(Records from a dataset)
###

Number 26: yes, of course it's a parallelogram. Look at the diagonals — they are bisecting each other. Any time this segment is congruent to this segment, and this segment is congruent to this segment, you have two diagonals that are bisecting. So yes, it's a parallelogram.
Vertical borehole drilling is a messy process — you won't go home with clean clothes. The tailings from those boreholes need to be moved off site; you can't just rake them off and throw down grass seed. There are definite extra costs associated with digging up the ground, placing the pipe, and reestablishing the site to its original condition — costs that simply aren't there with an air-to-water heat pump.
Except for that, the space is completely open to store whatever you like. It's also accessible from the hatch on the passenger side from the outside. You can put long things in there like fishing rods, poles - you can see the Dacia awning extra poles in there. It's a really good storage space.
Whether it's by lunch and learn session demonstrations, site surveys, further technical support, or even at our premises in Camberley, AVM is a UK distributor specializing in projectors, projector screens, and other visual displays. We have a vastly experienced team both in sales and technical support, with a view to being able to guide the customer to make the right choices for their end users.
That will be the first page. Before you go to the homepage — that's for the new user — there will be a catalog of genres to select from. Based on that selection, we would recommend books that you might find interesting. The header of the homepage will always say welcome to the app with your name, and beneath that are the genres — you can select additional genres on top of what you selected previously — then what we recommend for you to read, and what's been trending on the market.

###

All that is wanted is the stretch of lines above from the one containing "Vertical borehole drilling" through the one containing "Except for that, the", duplicated exactly.

Vertical borehole drilling is a messy process — you won't go home with clean clothes. The tailings from those boreholes need to be moved off site; you can't just rake them off and throw down grass seed. There are definite extra costs associated with digging up the ground, placing the pipe, and reestablishing the site to its original condition — costs that simply aren't there with an air-to-water heat pump.
Except for that, the space is completely open to store whatever you like. It's also accessible from the hatch on the passenger side from the outside. You can put long things in there like fishing rods, poles - you can see the Dacia awning extra poles in there. It's a really good storage space.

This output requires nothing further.